About the job
About Gapstars
Gapstars is a dynamic partner to some of Europe’s most innovative tech firms, ranging from disruptive startups to rapidly growing scaleups. We specialize in building high-performing remote engineering teams and are headquartered in the Netherlands, with talent hubs located in Sri Lanka and Portugal. Our team of over 275 engineers excels at addressing real-world challenges using cutting-edge technologies across various domains, including networking, marketplaces, SaaS, and AI, thereby delivering scalable solutions that yield impactful results. If you seek an organization that fosters technical excellence, a robust culture, and opportunities for personal and professional growth, you will find your place at Gapstars.
Your Role
As a Senior Data Engineer, you will be instrumental in the design, construction, and maintenance of scalable and reliable data solutions on the Google Cloud Platform (GCP). Your responsibilities will include developing robust pipelines into BigQuery, implementing transformations (preferably using dbt), and ensuring high standards of data quality and operational stability. Additionally, you will support monitoring and observability efforts, particularly working with BI tools (such as Power BI) primarily for monitoring and validation, rather than as a BI developer.
Key Responsibilities
1) Data Engineering & Architecture (GCP-first)
- Design and enhance data solutions on GCP, selecting services and architecture patterns with a focus on scalability, reliability, performance, and cost efficiency.
- Construct and uphold comprehensive data pipelines (primarily batch processing, with streaming/event-driven solutions where applicable).
- Develop and sustain the structure of the BigQuery warehouse: establish data modeling conventions, implement partitioning/clustering strategies, and optimize for performance and cost.
- Define and execute integration patterns for ingesting data from various sources (such as enterprise systems, SharePoint, external APIs, and cloud storage).
- Ensure datasets are reusable, well-structured, and analytics-ready to effectively support reporting, monitoring, and future modeling requirements.
2) Transformations (dbt as a priority)
- Implement transformation logic using SQL and Python, ideally utilizing dbt for standardized modeling and testing.

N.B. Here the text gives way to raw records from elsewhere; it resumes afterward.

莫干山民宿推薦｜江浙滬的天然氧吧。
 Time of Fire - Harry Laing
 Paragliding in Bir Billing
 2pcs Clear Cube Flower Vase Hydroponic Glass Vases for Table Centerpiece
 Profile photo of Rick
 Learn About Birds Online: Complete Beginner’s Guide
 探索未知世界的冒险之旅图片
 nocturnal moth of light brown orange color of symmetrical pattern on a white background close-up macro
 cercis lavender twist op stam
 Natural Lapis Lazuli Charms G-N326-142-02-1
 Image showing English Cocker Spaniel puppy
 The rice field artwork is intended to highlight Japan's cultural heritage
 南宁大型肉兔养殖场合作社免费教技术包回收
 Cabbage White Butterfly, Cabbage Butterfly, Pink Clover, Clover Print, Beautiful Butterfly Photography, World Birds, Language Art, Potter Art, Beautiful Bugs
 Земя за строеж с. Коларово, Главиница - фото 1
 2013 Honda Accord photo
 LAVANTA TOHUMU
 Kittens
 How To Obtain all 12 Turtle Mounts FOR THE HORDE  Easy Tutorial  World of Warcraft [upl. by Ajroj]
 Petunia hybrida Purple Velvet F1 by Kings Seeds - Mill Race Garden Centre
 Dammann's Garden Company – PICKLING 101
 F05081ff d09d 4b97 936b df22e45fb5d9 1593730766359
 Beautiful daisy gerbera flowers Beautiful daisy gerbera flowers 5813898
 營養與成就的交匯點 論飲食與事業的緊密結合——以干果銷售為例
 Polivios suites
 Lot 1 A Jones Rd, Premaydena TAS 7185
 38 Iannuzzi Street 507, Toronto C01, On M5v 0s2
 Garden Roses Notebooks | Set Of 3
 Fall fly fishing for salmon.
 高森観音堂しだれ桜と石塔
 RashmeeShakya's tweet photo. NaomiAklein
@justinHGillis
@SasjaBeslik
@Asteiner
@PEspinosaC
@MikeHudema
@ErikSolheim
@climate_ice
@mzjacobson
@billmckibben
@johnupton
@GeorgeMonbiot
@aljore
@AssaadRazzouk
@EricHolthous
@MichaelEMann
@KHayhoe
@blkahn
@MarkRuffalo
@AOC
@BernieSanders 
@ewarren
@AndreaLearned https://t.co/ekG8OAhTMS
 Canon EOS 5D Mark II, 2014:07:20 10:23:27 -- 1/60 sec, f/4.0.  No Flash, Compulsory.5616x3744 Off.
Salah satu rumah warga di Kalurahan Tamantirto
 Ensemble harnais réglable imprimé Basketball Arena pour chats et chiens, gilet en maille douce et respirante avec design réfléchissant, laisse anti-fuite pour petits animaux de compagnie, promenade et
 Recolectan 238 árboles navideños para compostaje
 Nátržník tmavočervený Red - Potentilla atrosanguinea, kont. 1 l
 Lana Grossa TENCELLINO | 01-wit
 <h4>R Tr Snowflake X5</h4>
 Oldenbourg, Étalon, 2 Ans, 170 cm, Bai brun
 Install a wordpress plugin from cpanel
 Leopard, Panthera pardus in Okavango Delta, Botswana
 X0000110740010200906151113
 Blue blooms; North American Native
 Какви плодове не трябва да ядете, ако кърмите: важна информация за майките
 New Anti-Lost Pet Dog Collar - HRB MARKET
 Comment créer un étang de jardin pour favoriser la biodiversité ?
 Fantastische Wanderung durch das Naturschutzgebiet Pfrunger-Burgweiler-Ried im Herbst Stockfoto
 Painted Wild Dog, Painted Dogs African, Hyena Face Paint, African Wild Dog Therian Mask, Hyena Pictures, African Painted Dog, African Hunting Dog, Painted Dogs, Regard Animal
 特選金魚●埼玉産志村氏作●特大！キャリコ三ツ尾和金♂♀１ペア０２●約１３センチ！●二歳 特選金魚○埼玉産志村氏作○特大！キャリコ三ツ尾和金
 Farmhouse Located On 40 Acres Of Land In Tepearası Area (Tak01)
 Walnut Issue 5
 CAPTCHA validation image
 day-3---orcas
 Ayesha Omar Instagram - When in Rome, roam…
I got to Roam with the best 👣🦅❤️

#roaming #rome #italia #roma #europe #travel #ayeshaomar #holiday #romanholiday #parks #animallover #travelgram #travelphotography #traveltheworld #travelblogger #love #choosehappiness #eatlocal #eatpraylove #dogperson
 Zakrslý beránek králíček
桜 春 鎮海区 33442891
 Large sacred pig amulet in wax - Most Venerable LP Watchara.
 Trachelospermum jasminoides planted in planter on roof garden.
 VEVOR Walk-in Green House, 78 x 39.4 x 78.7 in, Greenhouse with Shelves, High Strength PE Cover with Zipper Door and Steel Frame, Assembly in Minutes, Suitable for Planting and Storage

- Establish standards for modular, maintainable transformations and comprehensive documentation.
- Contribute to best practices surrounding version control, code reviews, and deployment for transformation workflows.
3) Data Quality, Reliability & Governance
- Develop and maintain data quality controls, including validation, source system reconciliation, and consistency checks.
- Oversee pipeline health, data freshness, and reliability; proactively troubleshoot incidents to prevent recurrence.
- Support data governance practices such as naming conventions, access principles, and compliance standards.